The Flying Burrito Brothers, The Dark End of the Street.

So, we've come to it. Lust, in the hierarchy of the deadly sins, is fairly minor league--none of the church fathers would have ranked it above pride or anger, even sloth. But lust's overwhelming presence today, our culture's obsession with it (thinking about it or trying to wipe it out, usually both at once), have turned lust into the most colorful and dramatic of sins, the peacock of the seven.

Nowhere has lust been more celebrated and chronicled than in popular music, from Eddie Cantor to Mae West, Bessie Smith to Barry White. If music has been steeped in sin, it's been truly saturated in lust. The above list of songs is fairly arbitrary (a random spin of a radio dial likely will call up equally qualified candidates)--it's meant to be a sampler, just to show that lust-fever has gripped music since the days of Edison, which we sometimes conveniently forget as songs age and get commoditized into nostalgia. (I swear I heard a Muzak version of Sheena Easton's "Sugar Walls" recently). I was at a wedding at which a loud, older family member told the DJ that he wanted to only hear oldies, not vulgar hip-hop crap. He wanted clean oldies, with lyrics like:

You won't do your sister's will!


I'm like a one-eyed cat
Peepin' in a seafood store

Or if that's too much, you could play nothing but 1920s songs, chaste numbers like Cantor's "If You Knew Susie" ("OH! OH! OHH! What a GIRL!") or "No Wonder She's A Blushing Bride" or Cole Porter's "The Physician" ("Once I loved such a shattering physician/Quite the best-looking doctor in the state/He looked after my physical condition/And his bedside manner was great").

So as a call to, er, arms, here is Prince's "Erotic City". Much of Prince's catalog to date would qualify under this sin, so choosing only one song is a ridiculously futile task; still, "Erotic City" is a summation of Prince's genius, with lust as a rallying cry, if not for transcendence then simply for fun. (Probably the most legendary of Prince B-sides,(of 1984's "Let's Go Crazy", making that single one of the finest A/B combinations in pop history), "Erotic City" was finally collected in Greatest Hits/B-Sides.)

The 100,000-year war

Lust, which Simon Blackburn nicely sums up as "the enthusiastic desire, the desire that infuses the body, for sexual activity and its pleasures for their own sake," has always been a problem. Cavemen elders likely spent time around the fire trying to think of ways to prevent the young from sneaking off into the forest.

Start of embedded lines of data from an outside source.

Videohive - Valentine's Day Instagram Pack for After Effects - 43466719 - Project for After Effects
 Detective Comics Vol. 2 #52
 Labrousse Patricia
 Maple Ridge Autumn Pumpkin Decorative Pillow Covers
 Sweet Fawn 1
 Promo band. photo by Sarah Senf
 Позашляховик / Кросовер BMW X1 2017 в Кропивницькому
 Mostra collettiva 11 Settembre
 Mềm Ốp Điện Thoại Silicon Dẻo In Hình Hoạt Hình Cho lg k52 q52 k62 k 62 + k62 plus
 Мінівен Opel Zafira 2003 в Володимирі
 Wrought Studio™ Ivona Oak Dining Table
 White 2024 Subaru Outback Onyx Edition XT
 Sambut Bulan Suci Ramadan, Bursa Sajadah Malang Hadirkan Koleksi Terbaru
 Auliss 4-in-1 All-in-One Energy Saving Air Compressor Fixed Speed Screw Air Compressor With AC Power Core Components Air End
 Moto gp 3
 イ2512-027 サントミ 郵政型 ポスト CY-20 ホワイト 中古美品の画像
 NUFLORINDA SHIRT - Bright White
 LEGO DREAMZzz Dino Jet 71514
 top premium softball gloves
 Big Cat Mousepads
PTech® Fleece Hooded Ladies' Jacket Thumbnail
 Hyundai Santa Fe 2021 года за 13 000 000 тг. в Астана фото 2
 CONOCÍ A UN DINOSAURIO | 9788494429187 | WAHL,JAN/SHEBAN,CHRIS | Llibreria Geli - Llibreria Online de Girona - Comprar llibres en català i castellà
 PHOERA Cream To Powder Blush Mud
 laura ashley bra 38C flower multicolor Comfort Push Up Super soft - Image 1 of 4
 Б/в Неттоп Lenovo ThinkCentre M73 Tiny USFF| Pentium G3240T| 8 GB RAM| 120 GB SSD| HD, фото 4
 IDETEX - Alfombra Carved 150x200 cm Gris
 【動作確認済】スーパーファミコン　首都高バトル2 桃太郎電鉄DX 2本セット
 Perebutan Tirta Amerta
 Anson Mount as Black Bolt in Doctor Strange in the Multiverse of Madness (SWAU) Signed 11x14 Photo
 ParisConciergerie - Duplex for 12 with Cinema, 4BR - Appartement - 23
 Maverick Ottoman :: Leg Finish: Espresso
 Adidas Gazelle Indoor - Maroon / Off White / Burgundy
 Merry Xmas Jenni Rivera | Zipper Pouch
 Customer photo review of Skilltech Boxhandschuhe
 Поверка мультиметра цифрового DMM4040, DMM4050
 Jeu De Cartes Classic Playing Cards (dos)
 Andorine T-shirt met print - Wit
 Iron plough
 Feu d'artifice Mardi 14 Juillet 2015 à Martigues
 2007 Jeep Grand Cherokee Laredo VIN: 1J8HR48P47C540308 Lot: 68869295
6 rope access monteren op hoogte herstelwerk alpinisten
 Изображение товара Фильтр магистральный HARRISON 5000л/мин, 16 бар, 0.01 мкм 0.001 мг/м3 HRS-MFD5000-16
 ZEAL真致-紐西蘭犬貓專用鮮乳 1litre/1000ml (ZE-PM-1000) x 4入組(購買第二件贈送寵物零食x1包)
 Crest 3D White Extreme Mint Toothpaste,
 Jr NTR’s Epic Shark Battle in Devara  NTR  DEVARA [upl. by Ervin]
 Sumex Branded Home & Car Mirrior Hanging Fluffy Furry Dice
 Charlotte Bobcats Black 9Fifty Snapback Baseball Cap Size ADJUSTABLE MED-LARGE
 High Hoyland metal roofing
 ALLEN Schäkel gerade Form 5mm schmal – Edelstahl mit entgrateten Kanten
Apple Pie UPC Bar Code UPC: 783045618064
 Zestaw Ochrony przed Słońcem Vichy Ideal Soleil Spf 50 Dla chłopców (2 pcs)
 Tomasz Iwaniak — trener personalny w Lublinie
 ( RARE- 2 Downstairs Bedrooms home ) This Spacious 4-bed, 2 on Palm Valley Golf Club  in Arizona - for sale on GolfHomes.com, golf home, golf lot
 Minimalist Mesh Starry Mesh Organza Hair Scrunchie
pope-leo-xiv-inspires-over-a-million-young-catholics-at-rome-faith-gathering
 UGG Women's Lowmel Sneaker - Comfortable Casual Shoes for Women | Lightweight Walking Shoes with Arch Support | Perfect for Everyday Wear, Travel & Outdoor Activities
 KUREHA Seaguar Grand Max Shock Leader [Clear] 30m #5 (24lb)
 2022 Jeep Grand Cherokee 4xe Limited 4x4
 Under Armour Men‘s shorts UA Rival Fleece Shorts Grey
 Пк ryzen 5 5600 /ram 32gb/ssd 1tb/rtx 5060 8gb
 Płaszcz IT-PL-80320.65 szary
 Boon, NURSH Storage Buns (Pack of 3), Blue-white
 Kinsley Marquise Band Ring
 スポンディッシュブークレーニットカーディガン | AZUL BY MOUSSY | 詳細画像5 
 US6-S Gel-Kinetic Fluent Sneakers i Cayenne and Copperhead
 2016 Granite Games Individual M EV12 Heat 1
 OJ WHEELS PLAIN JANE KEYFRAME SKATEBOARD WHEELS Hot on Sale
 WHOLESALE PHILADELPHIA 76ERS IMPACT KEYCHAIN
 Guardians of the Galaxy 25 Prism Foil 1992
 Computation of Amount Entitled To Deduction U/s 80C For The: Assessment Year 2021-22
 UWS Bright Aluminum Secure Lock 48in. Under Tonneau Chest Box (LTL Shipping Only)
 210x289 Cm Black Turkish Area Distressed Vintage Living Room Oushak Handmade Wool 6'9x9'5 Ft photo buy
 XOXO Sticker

The Greeks were wary of it--Plato depicts lust as one of two stallions driving a chariot, "black in color, an ally of excess and affectation, hairy around the ears, hard of hearing." When the lust stallion spies a beautiful boy, it snorts and tries to drive the charioteer on to his ruin. (Not all Greeks had problems with lust--the Cynic philosopher Crates and his wife Hipparchia routinely screwed in public.)

After all, lust is dangerous, destabilizing, selfish and an enemy to tranquility and order. Its greatest enemies came with the rise of Christianity and Islam--"sky" religions set up as bulwarks against savagery, tribalism and Roman decadence, meant to supplant the older "earth" religions, with their fertility cults and drunken gods copulating with mortal women. So to the sky religions, the sexual impulse run amok--lust--seems like a grotesque throwback, a recrudescense of nature, shaming, sinful, weakening, gooey and messy.

Lust hate often devolves into general distaste for women, who typically get blamed as being the cause of the problem. As Col. Jack D. Ripper in Dr. Strangelove says, "I first became aware of it...during the physical act of love...a profound sense of fatigue... a feeling of emptiness followed. Luckily I was able to interpret these feelings correctly. Loss of essence. I can assure you it has not recurred. Women sense my power and they seek the life essence. I do not avoid women. But I do deny them my essence."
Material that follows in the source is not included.